France | USA | Denmark 2016
Opening June 23, 2016
Directed by: Nicolas Winding Refn
Writing credits: Nicolas Winding Refn
Principal actors: Elle Fanning, Jena Malone, Bella Heathcote, Abbey Lee, Karl Glusman, Christina Hendricks, Keanu Reeves, Allessandro Nivola
Jesse (Fanning) is 16 and dreams of – what else – being a fashion model. She leaves her small town in Georgia and takes off on her own for Los Angeles (what were her parents thinking?). She checks into a motel. For another 100 minutes we watch her sink into a spooky world of survival of the fittest. Will she perish or grow to become a horror in her own right? What creature has gained entrance into her motel room? What is the role of the motel manager? Who are these three beautiful models around her? What about a boy friend? What does the fashion world mean if “you can always tell when beauty is manufactured” or “beauty isn’t everything; it’s the only thing.”

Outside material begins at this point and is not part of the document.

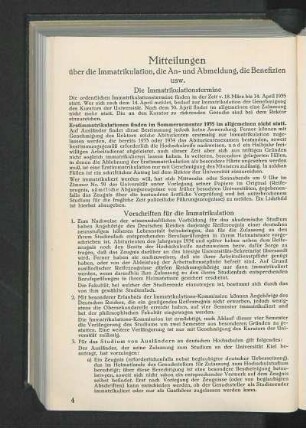 Mitteilungen über die Immatrikulation, die An- und Abmeldung, die Benefizien usw.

The Neon Demon showed at the 2016 Cannes film festival and prominent German film critic Hanns-Georg Rodek thought it should have received at least a prize for production or lead actress Fanning. My group of film critics left the cinema in a daze, saying “What was that all about?” It is slow-moving, surreal with no real storyline, has much repetition, lots of slow motion, and is sometimes pornographic and often silent. Is it a coming of age film even if life ends early? It leaves much to the imagination so the better your imagination the more vivid your impressions. Naturally, Elle Fanning is excellent. The three models (Malone, Heathcote, and Lee) are beautifully sinister. Abbey Lee is a professional model from Australia and her Australian accent is prominent in the English version. Director Nicolas Winding Refn comes from Denmark; he originally chose to film in Tokyo, but his wife, Danish director Liv Corfixen, put her foot down and Los Angeles was a compromise. Refn said, “Is it possible to make a horror film without any horror” (as if an eyeball rolling on the floor is not horror). He films in chronological order, which he says is more difficult. The Neon Demon calls for a particular audience of intense film fans, who wish to learn more about a certain genre of film. They will be perfectly happy here, although even they might leave the cinema with questions still unanswered. ( )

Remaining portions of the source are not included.